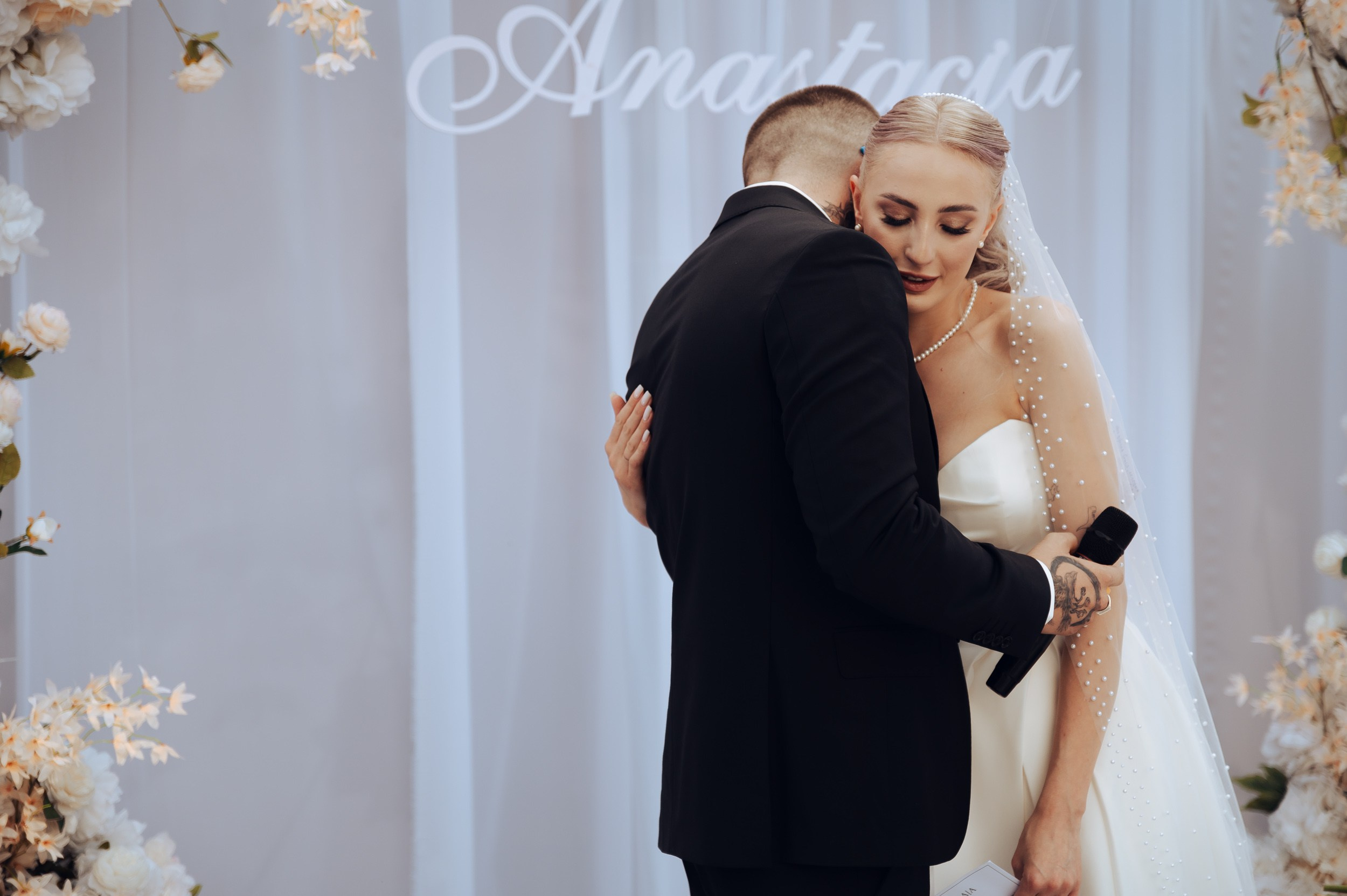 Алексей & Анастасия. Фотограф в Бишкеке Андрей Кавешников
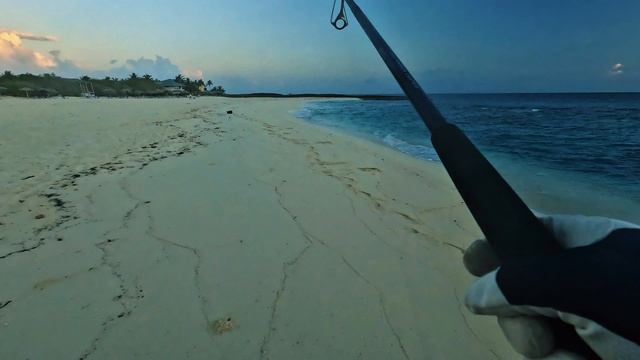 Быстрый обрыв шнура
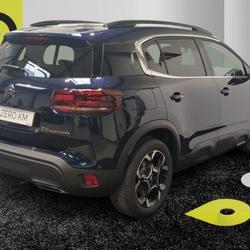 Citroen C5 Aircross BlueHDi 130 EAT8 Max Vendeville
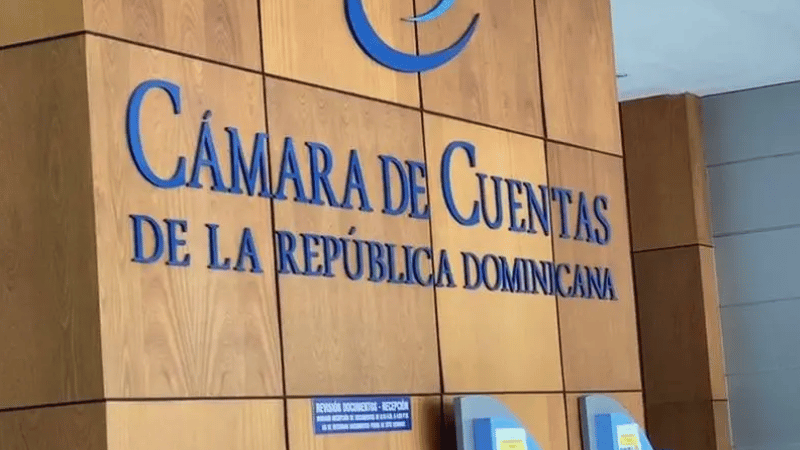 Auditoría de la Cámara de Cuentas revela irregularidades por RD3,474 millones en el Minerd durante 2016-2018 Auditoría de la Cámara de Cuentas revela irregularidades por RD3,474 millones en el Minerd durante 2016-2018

----------------------------------------

Repeat the data above word for word, without pictures.

 Алексей & Анастасия. Фотограф в Бишкеке Андрей Кавешников
 Быстрый обрыв шнура
 Citroen C5 Aircross BlueHDi 130 EAT8 Max Vendeville
 Auditoría de la Cámara de Cuentas revela irregularidades por RD3,474 millones en el Minerd durante 2016-2018 Auditoría de la Cámara de Cuentas revela irregularidades por RD3,474 millones en el Minerd durante 2016-2018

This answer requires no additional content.